As predicted, I found many at Stanford who possessed extraordinary intelligence, but quickly came to see that intelligent people were a dime a dozen.  I was surrounded by intelligent people, some of them breathtakingly intelligent, and yet they did and believed some of the most foolish things imaginable.  Wisdom is far rarer than intelligence, and far more valuable as well.  Wisdom is directional, or value-positive.  You can be immaculately intelligent and utterly deceived in your beliefs.  But wisdom implies that your beliefs, to the extent you are wise, reflect the truth.  Wisdom implies that you have gained some insight into the true, the good and the beautiful, that you have listened to Life and learned some of what it teaches.

Why do we speak so little of wisdom today?  Kierkegaard wrote that Christ shows us the Truth in the form of Life.  Christ shows us what it means to live with wisdom.  The American church, and the evangelical church in particular, by and large does an excellent job explaining why a person might receive the gospel and what he might do to begin growing in Christ.  Yet it does very little, appallingly little (I think), to help mature Christians grow into men and women of wisdom.  The world is longing for it.

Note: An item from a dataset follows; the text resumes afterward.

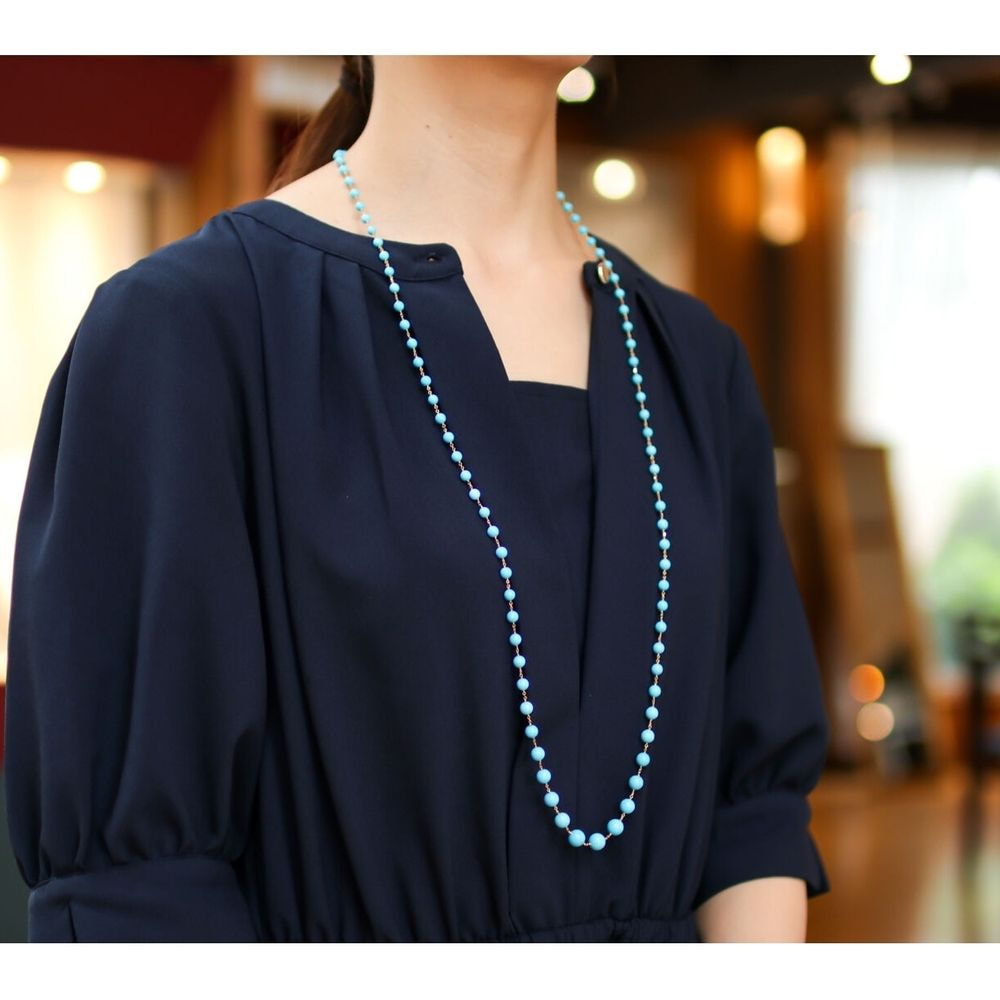 【SOLD OUT】【CASMINEｘJ.C.BARコラボ】K18WG/YG スリーピングビューティー トルコ石 ネックレス　キャスミンコラボ 1066712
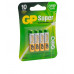 Алкалиновые батарейки GP Super Alkaline 24A AAA 4 шт, блистер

Heck, I am longing for it.  I’m very fortunate to have found a church where there are men of wisdom who can provide me with guidance.  Even so, I found it so very refreshing to sit with another human being for an hour, to look him in the eye, to speak of meaningful things, and share in the bounty of wisdom that God has given him through his life.

So, look for men and women of wisdom.  They’re hard to find, because they make no effort to draw attention to themselves.  They’re not concerned that everyone learn what wise people they are.  But if you look for people of everyday faithfulness, people who have gone through the ups and downs and emerged with peace and clarity, people whose hearts and minds are thoroughly transformed by the gospel, you will find them.  They’re out there.